▸ **ACTION ITEM**
The data below should be copied out exactly, with its pictures omitted.

▸ **GIVEN MATERIAL**

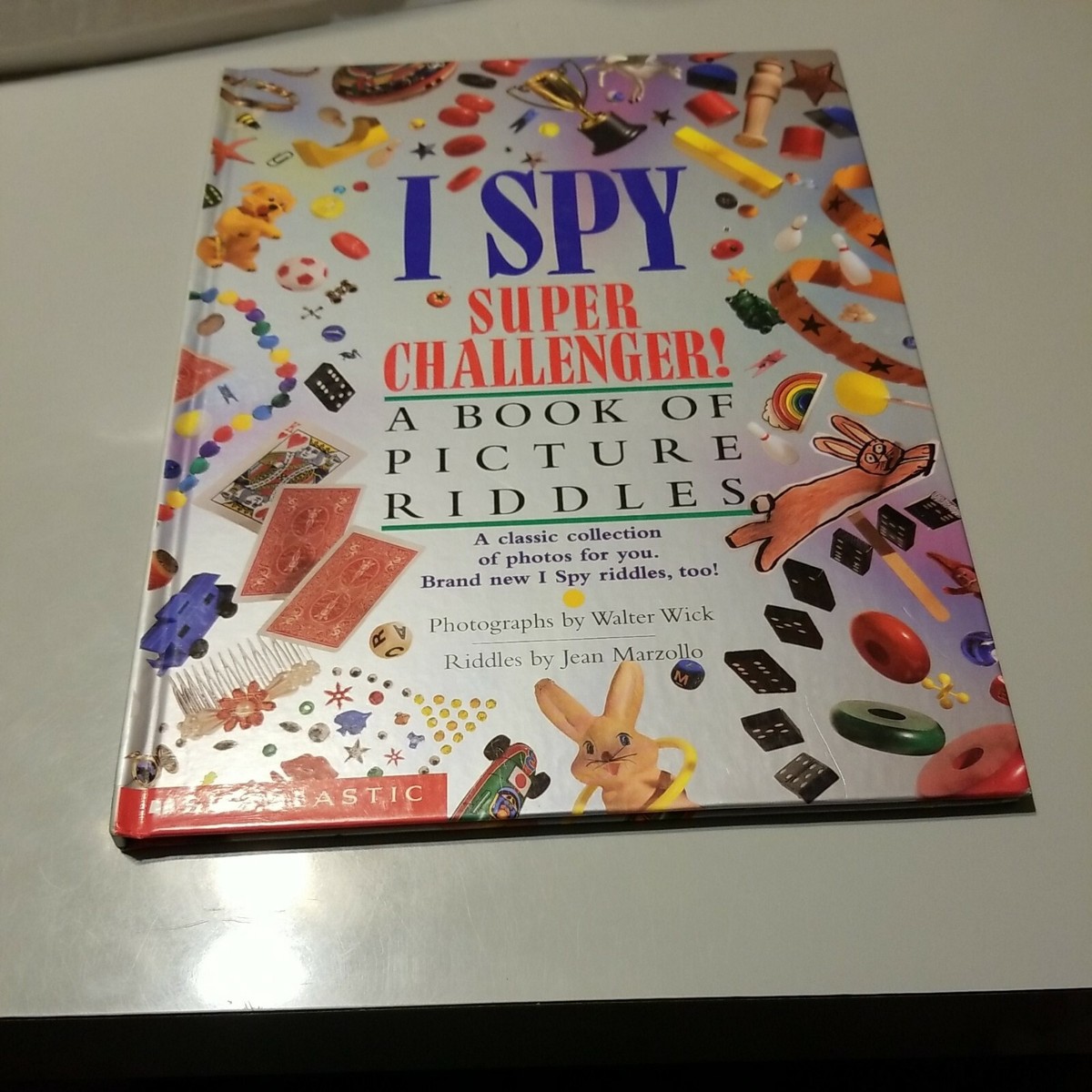 I Spy Super Challenger! A Book Of Picture Riddles (Walter Wick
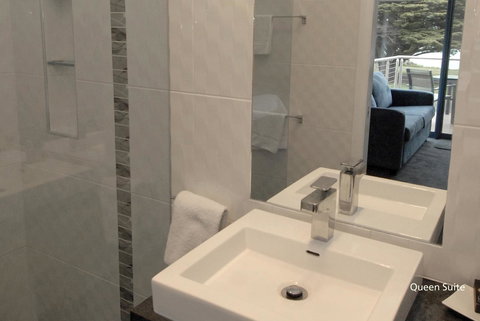 Seascape Accommodation - Australian Directory 9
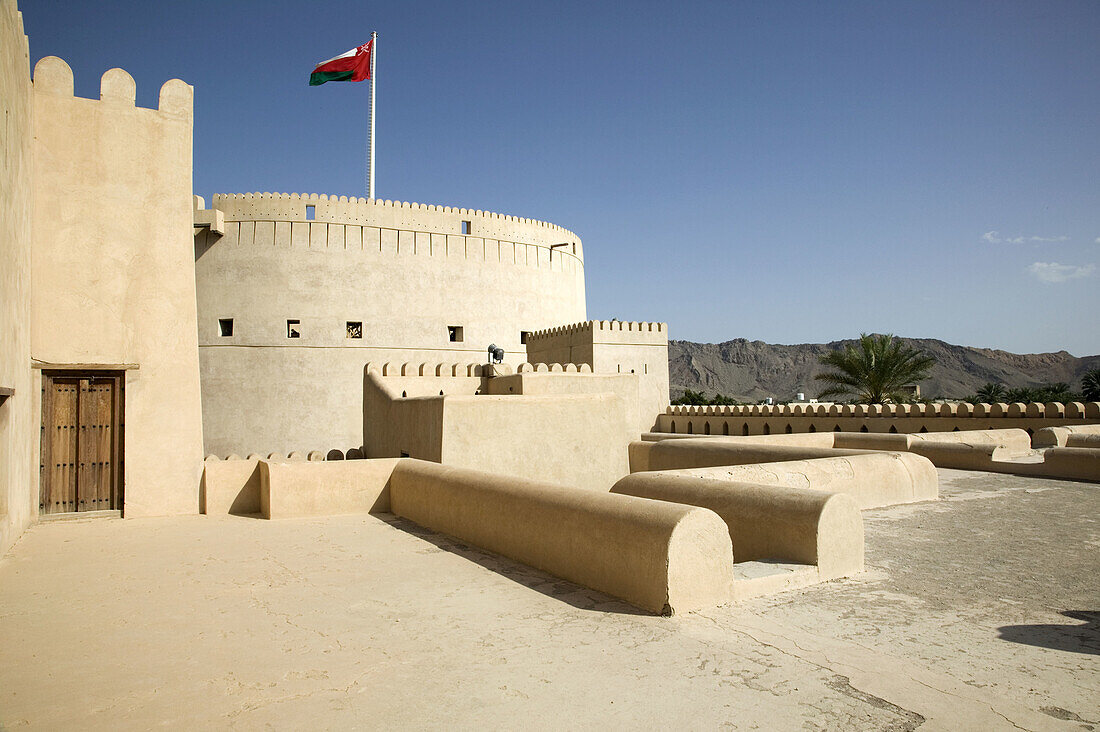 OMAN-Western Hajar Mountains-Nizwa: Nizwa Fort- Interior of Fort Walls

▸ **ANSWER AREA**
 I Spy Super Challenger! A Book Of Picture Riddles (Walter Wick
 Seascape Accommodation - Australian Directory 9
 OMAN-Western Hajar Mountains-Nizwa: Nizwa Fort- Interior of Fort Walls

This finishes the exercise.